##### Entries shown
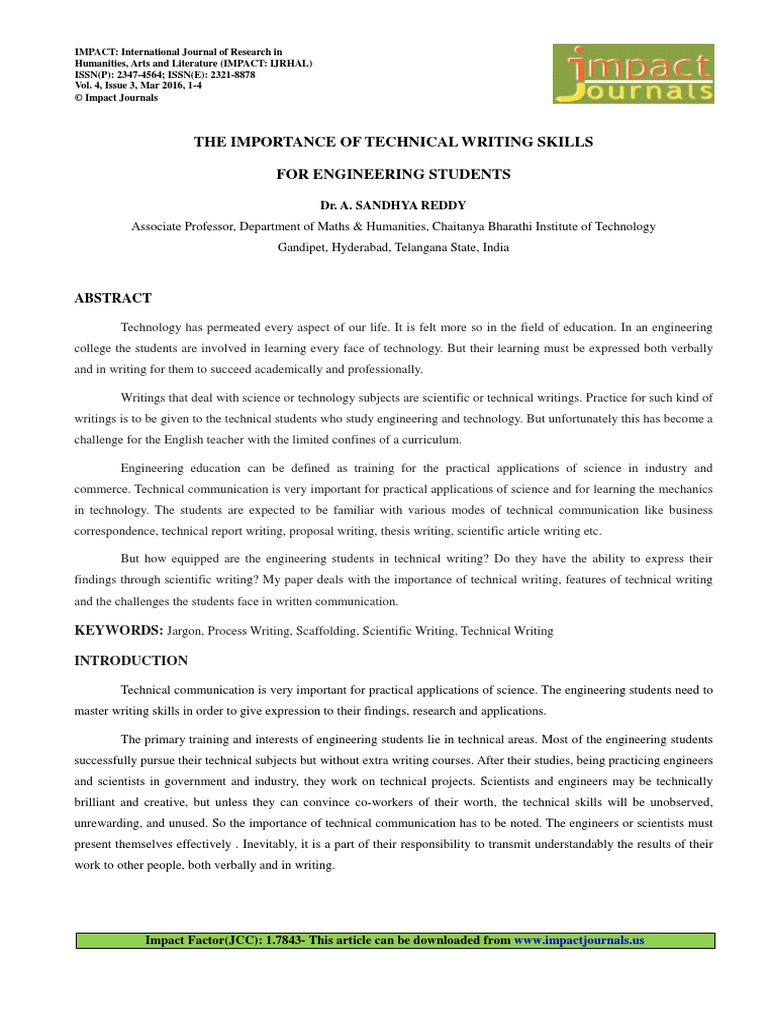 The Importance of Technical Writing Skills For Engineering Students ...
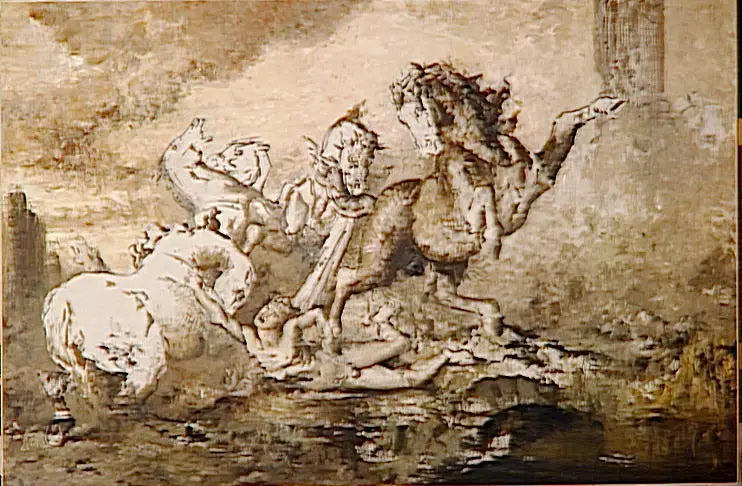 Diomedes devorado por sus caballos - Gustave Moreau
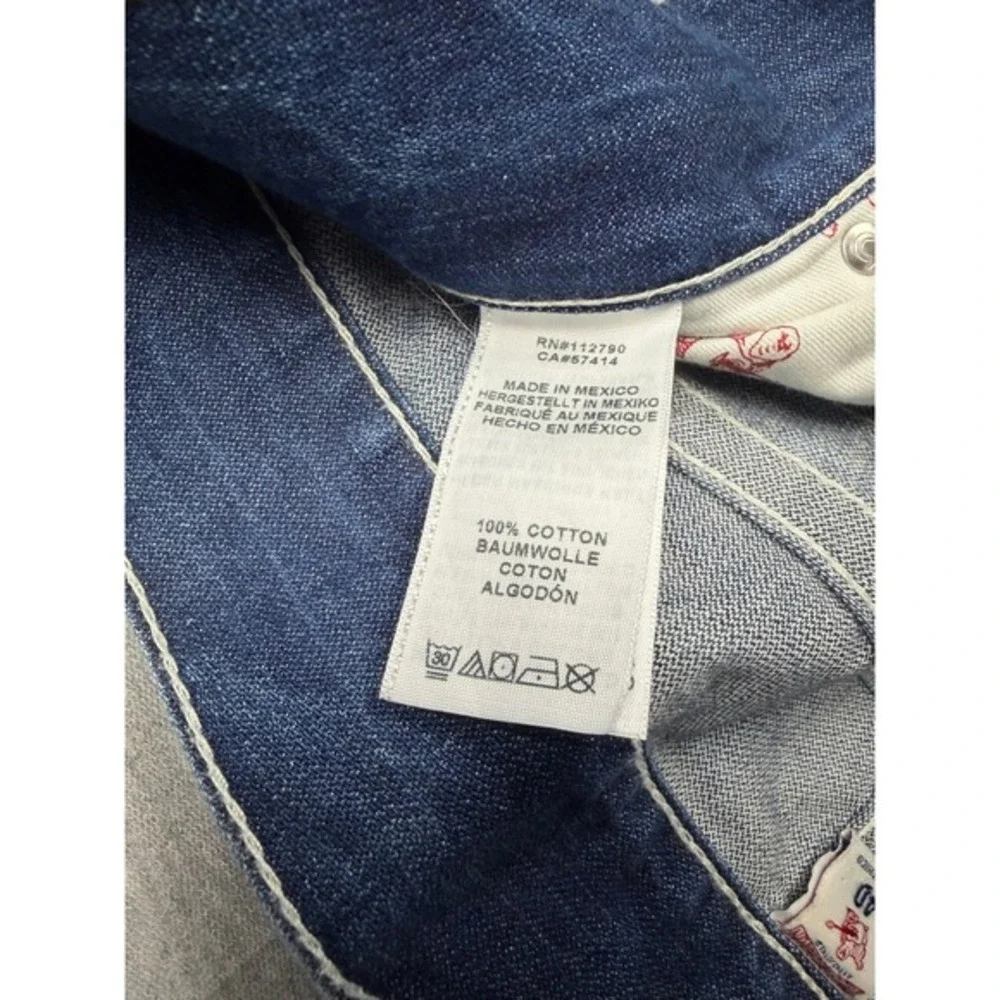 True Religion‎ Mens Straight Leg Jeans Medium Wash Red Rope Stitch Size 40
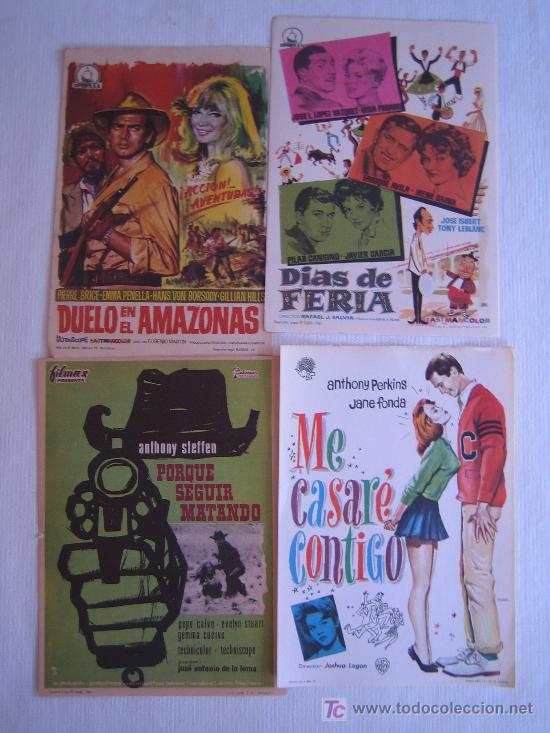 Cine: Lote 4 folletos de mano - Foto 1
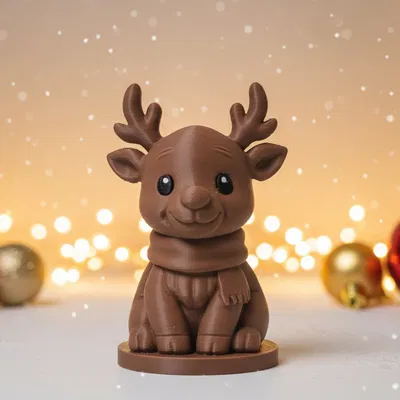 Tượng Tuần Lộc Ngồi Quàng Khăn Ấm Áp Mùa Giáng Sinh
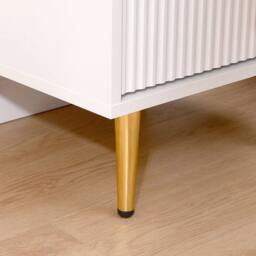 Moderna White MMT Bedside Table, 2 Drawers, White/Black with Gold Legs, 42cm Wide Chest - thumbnail 4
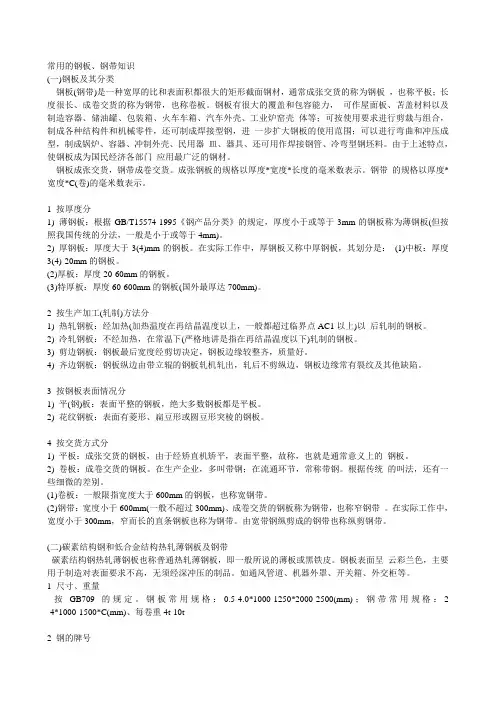 常用的钢板钢带知识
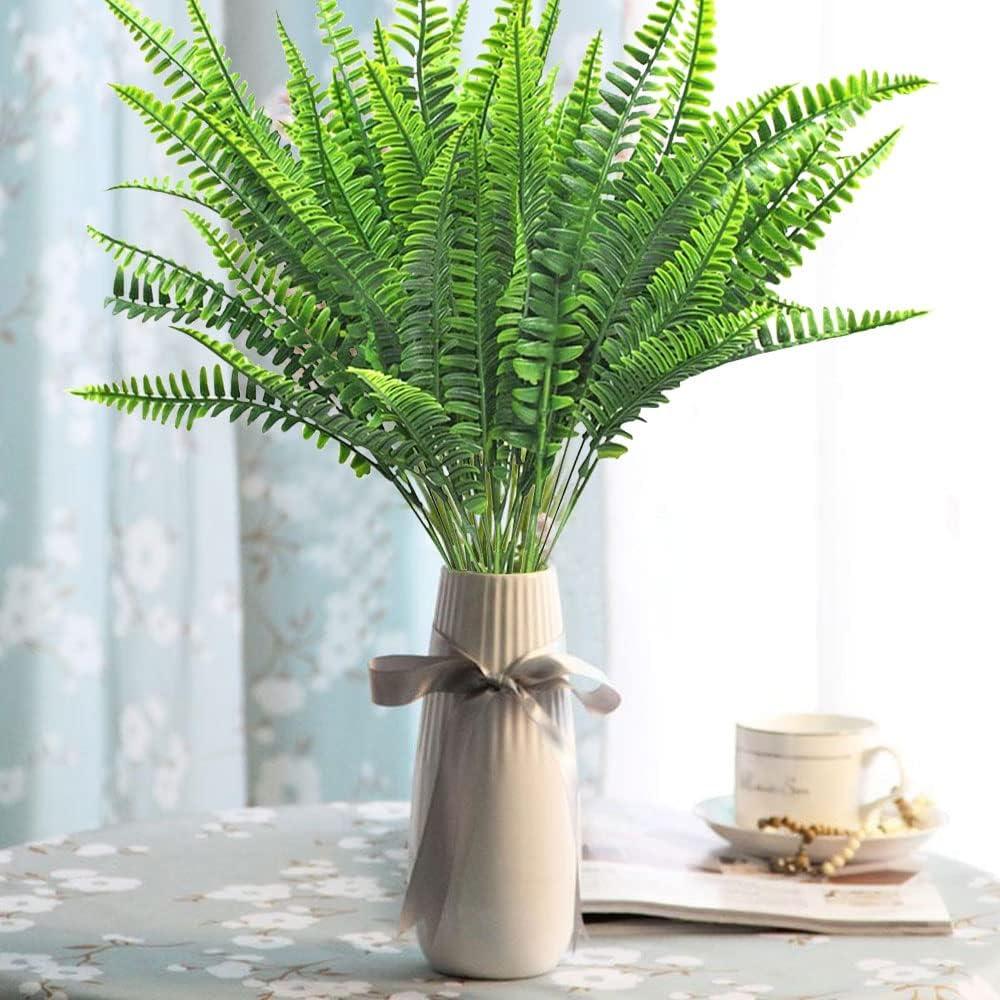 10 Bundles Artificial Boston Fern Plants, Bushes Faux Plants Shrubs Greenery UV Resistant for House Office Garden Indoor Outdoor Window Box Decorating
##########
The lines from the one holding "Cine: Lote 4 folletos de mano - Foto 1" to the final line of the entries are to be duplicated exactly, and the pictures are to be left out.

* _Expected output_
 Cine: Lote 4 folletos de mano - Foto 1
 Tượng Tuần Lộc Ngồi Quàng Khăn Ấm Áp Mùa Giáng Sinh
 Moderna White MMT Bedside Table, 2 Drawers, White/Black with Gold Legs, 42cm Wide Chest - thumbnail 4
 常用的钢板钢带知识
 10 Bundles Artificial Boston Fern Plants, Bushes Faux Plants Shrubs Greenery UV Resistant for House Office Garden Indoor Outdoor Window Box Decorating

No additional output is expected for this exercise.